* [What is needed] Using the records below, write out again exactly the lines that begin at the line containing "Snorlax 158/214 Reverse Rare" and end at the line containing "1G2NE52F83C258568 - 2003", and no other lines.

* [Data excerpts]

● ● ● ● ●

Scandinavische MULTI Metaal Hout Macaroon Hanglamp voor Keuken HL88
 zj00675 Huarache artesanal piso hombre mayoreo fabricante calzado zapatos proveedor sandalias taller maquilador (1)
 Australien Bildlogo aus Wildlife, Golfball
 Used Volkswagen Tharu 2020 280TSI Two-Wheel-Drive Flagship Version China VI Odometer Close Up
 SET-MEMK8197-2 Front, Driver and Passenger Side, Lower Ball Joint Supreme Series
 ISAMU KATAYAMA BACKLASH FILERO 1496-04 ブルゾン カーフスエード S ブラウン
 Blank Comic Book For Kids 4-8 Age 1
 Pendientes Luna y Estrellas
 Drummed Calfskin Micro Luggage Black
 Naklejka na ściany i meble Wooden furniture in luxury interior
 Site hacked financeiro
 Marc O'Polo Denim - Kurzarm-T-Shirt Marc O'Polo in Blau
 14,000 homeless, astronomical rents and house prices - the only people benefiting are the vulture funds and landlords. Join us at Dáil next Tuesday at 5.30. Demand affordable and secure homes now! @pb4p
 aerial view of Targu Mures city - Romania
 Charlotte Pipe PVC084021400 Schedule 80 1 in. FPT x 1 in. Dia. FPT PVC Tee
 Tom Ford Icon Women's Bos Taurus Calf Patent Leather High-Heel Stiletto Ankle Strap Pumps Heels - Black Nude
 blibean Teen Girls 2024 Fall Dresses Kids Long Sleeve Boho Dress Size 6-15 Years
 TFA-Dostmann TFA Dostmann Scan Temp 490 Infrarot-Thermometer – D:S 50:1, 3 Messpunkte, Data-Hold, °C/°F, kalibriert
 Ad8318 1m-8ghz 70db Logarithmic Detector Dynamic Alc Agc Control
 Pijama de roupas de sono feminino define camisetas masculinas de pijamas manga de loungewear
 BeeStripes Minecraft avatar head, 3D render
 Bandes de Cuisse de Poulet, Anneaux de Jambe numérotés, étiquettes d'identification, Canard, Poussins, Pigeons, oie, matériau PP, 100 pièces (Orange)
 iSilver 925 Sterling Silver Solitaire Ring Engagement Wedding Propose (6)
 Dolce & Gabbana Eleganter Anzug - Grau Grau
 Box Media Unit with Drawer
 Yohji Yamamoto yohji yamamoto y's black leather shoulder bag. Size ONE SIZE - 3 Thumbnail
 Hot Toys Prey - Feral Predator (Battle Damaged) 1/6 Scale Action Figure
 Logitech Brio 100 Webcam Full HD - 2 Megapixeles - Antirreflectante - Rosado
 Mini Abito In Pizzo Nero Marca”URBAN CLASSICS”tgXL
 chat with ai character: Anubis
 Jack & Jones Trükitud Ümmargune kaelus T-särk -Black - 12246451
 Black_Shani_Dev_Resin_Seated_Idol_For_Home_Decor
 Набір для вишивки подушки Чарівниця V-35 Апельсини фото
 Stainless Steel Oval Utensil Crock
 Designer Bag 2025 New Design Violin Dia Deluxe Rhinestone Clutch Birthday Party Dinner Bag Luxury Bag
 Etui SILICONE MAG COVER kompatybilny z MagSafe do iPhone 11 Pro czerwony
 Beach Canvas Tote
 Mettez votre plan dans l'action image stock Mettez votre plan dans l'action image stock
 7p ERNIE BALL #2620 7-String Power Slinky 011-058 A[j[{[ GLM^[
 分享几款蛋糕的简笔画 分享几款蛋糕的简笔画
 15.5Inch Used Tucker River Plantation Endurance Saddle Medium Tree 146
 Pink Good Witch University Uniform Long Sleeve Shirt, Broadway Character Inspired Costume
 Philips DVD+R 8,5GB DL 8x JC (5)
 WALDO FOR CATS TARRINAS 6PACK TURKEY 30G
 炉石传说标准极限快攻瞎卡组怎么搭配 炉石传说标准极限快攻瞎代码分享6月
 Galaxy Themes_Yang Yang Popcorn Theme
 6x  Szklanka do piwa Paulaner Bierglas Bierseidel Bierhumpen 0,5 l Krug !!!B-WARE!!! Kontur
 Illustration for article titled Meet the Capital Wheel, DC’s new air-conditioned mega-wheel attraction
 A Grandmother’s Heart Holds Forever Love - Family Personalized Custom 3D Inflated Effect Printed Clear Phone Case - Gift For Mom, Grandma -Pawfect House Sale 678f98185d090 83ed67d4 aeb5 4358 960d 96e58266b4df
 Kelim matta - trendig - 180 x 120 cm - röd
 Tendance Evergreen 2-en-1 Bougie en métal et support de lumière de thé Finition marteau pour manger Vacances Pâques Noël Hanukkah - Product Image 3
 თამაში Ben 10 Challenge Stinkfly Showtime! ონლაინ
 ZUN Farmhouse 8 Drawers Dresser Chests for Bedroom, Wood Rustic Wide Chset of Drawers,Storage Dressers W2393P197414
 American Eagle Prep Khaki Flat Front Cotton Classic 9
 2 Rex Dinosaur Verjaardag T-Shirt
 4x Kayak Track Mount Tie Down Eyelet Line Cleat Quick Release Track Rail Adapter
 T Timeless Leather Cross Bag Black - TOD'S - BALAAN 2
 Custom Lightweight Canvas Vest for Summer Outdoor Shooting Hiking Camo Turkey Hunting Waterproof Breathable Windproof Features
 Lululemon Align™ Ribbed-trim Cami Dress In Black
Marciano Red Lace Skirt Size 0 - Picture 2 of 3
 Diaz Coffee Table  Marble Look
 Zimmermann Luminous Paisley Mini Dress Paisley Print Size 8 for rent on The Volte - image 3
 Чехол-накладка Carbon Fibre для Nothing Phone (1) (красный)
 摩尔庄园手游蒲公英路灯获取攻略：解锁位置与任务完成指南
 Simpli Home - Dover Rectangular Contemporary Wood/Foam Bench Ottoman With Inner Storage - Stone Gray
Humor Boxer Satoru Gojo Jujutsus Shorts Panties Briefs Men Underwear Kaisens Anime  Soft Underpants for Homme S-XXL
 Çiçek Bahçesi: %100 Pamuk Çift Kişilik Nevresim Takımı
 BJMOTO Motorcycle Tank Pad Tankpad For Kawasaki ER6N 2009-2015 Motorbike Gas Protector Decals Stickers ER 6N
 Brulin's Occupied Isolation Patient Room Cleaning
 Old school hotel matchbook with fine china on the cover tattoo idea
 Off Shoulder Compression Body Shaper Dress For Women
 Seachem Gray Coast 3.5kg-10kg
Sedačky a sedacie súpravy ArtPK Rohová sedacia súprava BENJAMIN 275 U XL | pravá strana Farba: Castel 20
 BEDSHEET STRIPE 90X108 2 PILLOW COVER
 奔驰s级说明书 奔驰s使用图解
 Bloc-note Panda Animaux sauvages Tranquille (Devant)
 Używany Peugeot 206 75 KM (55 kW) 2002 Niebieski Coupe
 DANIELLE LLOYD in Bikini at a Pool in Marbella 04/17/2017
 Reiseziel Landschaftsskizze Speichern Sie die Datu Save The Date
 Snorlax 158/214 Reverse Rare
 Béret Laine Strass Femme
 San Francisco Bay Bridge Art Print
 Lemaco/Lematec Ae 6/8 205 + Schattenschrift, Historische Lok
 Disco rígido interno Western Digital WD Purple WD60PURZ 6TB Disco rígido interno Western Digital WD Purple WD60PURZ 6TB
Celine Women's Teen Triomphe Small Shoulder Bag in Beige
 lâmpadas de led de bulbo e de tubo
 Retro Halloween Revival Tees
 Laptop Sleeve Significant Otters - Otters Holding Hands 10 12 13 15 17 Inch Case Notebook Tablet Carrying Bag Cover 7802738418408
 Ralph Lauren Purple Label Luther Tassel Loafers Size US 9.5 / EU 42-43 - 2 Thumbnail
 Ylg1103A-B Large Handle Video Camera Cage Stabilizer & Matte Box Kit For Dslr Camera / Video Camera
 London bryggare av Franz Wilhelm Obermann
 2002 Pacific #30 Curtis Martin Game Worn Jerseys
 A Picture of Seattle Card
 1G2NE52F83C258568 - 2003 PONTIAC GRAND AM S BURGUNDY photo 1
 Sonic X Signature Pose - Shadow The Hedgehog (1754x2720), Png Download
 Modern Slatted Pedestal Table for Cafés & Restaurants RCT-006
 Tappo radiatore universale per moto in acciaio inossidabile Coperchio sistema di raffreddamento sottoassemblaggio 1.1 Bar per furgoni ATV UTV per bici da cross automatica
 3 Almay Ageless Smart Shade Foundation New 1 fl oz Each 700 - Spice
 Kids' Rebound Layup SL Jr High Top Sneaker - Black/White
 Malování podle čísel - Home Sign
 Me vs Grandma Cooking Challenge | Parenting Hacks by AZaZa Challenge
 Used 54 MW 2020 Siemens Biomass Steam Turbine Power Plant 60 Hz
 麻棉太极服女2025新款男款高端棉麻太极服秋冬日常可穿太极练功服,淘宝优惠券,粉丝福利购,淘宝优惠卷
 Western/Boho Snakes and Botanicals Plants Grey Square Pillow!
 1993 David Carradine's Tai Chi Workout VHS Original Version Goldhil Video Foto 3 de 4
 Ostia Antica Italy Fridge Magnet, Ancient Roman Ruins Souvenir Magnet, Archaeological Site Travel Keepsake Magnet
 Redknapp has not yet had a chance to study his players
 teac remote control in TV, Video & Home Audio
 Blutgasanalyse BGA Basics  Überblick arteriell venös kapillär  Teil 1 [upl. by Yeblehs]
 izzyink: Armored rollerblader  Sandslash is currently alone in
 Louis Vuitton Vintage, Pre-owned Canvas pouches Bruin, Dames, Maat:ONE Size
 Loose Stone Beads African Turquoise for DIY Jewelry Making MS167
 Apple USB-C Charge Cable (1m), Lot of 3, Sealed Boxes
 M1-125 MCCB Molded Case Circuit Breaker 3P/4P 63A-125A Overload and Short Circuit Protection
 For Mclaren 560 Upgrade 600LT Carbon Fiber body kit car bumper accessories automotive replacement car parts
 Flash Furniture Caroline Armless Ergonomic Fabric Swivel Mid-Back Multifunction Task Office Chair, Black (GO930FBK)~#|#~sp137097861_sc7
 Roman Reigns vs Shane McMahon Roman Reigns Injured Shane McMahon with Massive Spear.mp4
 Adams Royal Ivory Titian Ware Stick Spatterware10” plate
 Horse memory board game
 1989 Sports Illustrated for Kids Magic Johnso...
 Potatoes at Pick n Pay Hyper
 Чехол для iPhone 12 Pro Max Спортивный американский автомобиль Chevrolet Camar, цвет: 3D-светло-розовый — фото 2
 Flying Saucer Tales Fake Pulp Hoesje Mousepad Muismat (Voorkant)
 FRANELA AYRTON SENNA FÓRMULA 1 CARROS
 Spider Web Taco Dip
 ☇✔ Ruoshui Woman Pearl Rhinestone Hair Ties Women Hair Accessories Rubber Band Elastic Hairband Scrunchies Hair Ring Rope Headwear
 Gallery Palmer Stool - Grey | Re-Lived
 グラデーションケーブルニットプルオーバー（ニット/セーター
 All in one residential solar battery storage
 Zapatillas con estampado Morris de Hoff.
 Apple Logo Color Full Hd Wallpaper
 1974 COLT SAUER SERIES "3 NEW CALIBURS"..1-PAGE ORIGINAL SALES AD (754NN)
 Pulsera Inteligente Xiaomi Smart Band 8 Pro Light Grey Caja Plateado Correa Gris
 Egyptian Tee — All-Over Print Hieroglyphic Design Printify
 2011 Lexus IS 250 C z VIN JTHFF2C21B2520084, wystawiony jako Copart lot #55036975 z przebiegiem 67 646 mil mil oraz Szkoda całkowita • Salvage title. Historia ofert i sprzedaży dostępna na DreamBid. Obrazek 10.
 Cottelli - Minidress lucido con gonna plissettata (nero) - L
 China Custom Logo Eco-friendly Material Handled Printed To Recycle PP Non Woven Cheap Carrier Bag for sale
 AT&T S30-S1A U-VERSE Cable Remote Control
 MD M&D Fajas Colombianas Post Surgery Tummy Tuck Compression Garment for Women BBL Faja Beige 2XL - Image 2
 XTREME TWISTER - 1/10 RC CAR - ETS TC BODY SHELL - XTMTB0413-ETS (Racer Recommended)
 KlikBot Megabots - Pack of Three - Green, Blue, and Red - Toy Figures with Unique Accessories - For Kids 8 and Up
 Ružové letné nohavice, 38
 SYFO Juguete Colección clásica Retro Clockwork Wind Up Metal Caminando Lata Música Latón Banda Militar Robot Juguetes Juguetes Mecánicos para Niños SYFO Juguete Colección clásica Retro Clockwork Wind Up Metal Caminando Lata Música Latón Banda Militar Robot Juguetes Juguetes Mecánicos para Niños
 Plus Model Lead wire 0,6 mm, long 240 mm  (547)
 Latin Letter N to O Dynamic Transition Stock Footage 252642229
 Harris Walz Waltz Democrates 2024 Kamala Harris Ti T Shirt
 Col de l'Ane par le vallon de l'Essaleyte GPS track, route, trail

● ● ● ● ●

* [Task result]
 Snorlax 158/214 Reverse Rare
 Béret Laine Strass Femme
 San Francisco Bay Bridge Art Print
 Lemaco/Lematec Ae 6/8 205 + Schattenschrift, Historische Lok
 Disco rígido interno Western Digital WD Purple WD60PURZ 6TB Disco rígido interno Western Digital WD Purple WD60PURZ 6TB
Celine Women's Teen Triomphe Small Shoulder Bag in Beige
 lâmpadas de led de bulbo e de tubo
 Retro Halloween Revival Tees
 Laptop Sleeve Significant Otters - Otters Holding Hands 10 12 13 15 17 Inch Case Notebook Tablet Carrying Bag Cover 7802738418408
 Ralph Lauren Purple Label Luther Tassel Loafers Size US 9.5 / EU 42-43 - 2 Thumbnail
 Ylg1103A-B Large Handle Video Camera Cage Stabilizer & Matte Box Kit For Dslr Camera / Video Camera
 London bryggare av Franz Wilhelm Obermann
 2002 Pacific #30 Curtis Martin Game Worn Jerseys
 A Picture of Seattle Card
 1G2NE52F83C258568 - 2003 PONTIAC GRAND AM S BURGUNDY photo 1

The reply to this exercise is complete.